Violent Video Game as Church Recruiting Tool

I’m really sad today. I often become sad when I read the NY Times.

I wasn’t sure which article I should write an urgent post about, there were so many. Women are being destroyed in Congo as rape has become the most common tool of war and the crisis has reached unprecedented proportions. I was sure I was going to blog about that–as soon as returned to the computer from a session of weeping–crying out and pleading with God that people in every country would respect women’s bodily integrity. Here is that article: http://www.nytimes.com/2007/10/07/world/africa/07congo.html?th&emc=th

But, I couldn’t write about that one because I got overwhelmed by the next article. Rape and pillaging in wars will never stop as long as long as people in the imperial center do things like spread the gospel using Halo3, a dichotomizing, bloody video game. The article is copied into this post. Here’s an excerpt.

Witness the basement on a recent Sunday at the Colorado Community Church in the Englewood area of Denver, where Tim Foster, 12, and Chris Graham, 14, sat in front of three TVs, locked in violent virtual combat as they navigated on-screen characters through lethal gun bursts. Tim explained the game’s allure: “It’s just fun blowing people up.”
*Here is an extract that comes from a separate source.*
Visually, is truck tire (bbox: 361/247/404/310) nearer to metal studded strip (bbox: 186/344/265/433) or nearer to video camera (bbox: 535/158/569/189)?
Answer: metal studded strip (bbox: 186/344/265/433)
Once they come for the games, Gregg Barbour, the youth minister of the church said, they will stay for his Christian message. “We want to make it hard for teenagers to go to hell,” Mr. Barbour wrote in a letter to parents at the church. “

HOW–with what words, passages, or guiding principles–can we speak to our christian “brothers and sisters” about this? YAR has been a community of support for speaking truth to power. Words of advice, comfort, or challenge as we welcome many more christians by way of accepting Jesus as their savior while they were aroused by the massacring and tag-team destruction they just did?

Thou Shalt Not Kill, Except in a Popular Video Game at Church
By MATT RICHTEL
First the percussive sounds of sniper fire and the thrill of the kill. Then the gospel of peace.

Across the country, hundreds of ministers and pastors desperate to reach young congregants have drawn concern and criticism through their use of an unusual recruiting tool: the immersive and violent video game Halo.

The latest iteration of the immensely popular space epic, Halo 3, was released nearly two weeks ago by Microsoft and has already passed $300 million in sales.

Those buying it must be 17 years old, given it is rated M for mature audiences. But that has not prevented leaders at churches and youth centers across Protestant denominations, including evangelical churches that have cautioned against violent entertainment, from holding heavily attended Halo nights and stocking their centers with multiple game consoles so dozens of teenagers can flock around big-screen televisions and shoot it out.

The alliance of popular culture and evangelism is challenging churches much as bingo games did in the 1960s. And the question fits into a rich debate about how far churches should go to reach young people.

Far from being defensive, church leaders who support Halo – despite its “thou shalt kill” credo – celebrate it as a modern and sometimes singularly effective tool. It is crucial, they say, to reach the elusive audience of boys and young men.

Witness the basement on a recent Sunday at the Colorado Community Church in the Englewood area of Denver, where Tim Foster, 12, and Chris Graham, 14, sat in front of three TVs, locked in violent virtual combat as they navigated on-screen characters through lethal gun bursts. Tim explained the game’s allure: “It’s just fun blowing people up.”

Once they come for the games, Gregg Barbour, the youth minister of the church said, they will stay for his Christian message. “We want to make it hard for teenagers to go to hell,” Mr. Barbour wrote in a letter to parents at the church.

But the question arises: What price to appear relevant? Some parents, religious ethicists and pastors say that Halo may succeed at attracting youths, but that it could have a corroding influence. In providing Halo, churches are permitting access to adult-themed material that young people cannot buy on their own.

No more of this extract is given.